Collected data
Start of Block

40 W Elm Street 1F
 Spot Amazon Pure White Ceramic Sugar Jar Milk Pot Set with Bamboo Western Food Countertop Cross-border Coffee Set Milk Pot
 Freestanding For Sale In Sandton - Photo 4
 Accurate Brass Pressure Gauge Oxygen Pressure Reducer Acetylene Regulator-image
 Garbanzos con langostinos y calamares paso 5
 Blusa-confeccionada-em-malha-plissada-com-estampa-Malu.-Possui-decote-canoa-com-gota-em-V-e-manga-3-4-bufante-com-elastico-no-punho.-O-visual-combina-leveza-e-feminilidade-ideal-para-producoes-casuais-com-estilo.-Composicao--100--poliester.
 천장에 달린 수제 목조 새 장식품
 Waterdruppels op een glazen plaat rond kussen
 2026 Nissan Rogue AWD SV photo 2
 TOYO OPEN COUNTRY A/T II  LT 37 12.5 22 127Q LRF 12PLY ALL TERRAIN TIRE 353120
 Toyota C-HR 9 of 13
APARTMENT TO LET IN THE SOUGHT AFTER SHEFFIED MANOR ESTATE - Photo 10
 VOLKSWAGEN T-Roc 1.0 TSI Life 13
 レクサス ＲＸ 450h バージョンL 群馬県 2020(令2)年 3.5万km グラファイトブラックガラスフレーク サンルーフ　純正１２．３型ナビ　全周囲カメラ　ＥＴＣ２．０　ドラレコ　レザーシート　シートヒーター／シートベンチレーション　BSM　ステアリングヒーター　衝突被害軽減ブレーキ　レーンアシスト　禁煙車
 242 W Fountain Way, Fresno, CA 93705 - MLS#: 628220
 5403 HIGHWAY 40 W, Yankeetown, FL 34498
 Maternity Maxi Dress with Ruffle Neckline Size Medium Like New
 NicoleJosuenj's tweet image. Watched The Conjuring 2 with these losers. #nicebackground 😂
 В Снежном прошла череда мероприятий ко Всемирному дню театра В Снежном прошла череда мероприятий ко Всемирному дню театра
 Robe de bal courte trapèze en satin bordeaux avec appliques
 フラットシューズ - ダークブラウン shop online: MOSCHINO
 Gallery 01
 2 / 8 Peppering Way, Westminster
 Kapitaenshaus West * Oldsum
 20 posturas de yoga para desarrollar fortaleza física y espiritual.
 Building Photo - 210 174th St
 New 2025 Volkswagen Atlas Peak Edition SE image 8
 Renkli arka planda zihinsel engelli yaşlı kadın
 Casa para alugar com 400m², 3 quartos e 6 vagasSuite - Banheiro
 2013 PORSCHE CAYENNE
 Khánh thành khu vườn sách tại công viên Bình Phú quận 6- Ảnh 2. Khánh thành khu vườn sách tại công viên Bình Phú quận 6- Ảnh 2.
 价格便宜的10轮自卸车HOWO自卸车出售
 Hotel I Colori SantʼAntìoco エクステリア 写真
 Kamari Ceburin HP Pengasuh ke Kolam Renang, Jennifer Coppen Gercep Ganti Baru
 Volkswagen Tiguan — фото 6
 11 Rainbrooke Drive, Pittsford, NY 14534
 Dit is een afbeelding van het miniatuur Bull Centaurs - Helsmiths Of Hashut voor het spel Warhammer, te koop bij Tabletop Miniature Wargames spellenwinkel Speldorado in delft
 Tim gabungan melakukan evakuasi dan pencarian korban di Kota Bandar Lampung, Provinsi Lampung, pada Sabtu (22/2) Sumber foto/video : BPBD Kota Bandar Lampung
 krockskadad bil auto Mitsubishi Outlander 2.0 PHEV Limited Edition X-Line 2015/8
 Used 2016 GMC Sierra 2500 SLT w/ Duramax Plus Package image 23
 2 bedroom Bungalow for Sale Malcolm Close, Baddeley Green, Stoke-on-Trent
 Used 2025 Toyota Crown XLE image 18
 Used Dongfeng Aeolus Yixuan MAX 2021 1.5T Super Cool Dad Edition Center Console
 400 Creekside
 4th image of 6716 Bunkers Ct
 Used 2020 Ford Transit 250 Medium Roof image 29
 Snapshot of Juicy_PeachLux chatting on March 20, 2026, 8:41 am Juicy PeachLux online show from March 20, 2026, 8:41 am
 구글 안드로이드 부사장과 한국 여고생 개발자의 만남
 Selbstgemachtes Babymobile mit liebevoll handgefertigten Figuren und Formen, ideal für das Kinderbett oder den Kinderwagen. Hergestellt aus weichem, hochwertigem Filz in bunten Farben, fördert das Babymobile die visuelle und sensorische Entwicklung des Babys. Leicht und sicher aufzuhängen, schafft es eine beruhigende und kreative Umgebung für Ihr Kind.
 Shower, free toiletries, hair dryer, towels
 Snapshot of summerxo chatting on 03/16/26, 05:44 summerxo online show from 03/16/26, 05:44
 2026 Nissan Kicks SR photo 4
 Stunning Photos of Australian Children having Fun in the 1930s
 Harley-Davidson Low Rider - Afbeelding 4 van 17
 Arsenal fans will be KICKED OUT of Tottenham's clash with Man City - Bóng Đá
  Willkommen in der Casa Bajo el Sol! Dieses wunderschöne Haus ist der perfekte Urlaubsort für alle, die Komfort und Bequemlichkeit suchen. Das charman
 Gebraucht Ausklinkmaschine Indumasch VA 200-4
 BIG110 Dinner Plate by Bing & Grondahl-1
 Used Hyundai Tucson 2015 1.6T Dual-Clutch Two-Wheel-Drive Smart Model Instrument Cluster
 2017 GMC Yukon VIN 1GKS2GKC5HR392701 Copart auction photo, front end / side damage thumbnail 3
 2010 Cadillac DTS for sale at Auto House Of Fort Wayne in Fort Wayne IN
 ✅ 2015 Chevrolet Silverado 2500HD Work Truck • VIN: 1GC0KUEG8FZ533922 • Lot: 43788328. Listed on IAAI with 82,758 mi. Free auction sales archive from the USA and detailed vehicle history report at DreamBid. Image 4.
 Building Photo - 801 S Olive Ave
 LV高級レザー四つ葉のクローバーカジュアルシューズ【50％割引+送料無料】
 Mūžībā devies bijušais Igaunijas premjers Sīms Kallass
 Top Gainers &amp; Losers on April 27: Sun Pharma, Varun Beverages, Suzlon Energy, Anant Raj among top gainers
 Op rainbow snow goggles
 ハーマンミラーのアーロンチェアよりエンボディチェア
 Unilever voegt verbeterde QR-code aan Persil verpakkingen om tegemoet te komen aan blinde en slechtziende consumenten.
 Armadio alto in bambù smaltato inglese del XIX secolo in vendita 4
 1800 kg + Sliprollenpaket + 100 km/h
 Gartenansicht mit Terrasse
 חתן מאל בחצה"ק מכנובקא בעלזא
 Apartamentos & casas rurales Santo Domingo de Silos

End of Block

● Task to complete
Please reproduce the lines from the line with "Used Hyundai Tucson" to the line with "Unilever voegt verbeterde", both ends included, exactly as they appear above.

● Expected answer
 Used Hyundai Tucson 2015 1.6T Dual-Clutch Two-Wheel-Drive Smart Model Instrument Cluster
 2017 GMC Yukon VIN 1GKS2GKC5HR392701 Copart auction photo, front end / side damage thumbnail 3
 2010 Cadillac DTS for sale at Auto House Of Fort Wayne in Fort Wayne IN
 ✅ 2015 Chevrolet Silverado 2500HD Work Truck • VIN: 1GC0KUEG8FZ533922 • Lot: 43788328. Listed on IAAI with 82,758 mi. Free auction sales archive from the USA and detailed vehicle history report at DreamBid. Image 4.
 Building Photo - 801 S Olive Ave
 LV高級レザー四つ葉のクローバーカジュアルシューズ【50％割引+送料無料】
 Mūžībā devies bijušais Igaunijas premjers Sīms Kallass
 Top Gainers &amp; Losers on April 27: Sun Pharma, Varun Beverages, Suzlon Energy, Anant Raj among top gainers
 Op rainbow snow goggles
 ハーマンミラーのアーロンチェアよりエンボディチェア
 Unilever voegt verbeterde QR-code aan Persil verpakkingen om tegemoet te komen aan blinde en slechtziende consumenten.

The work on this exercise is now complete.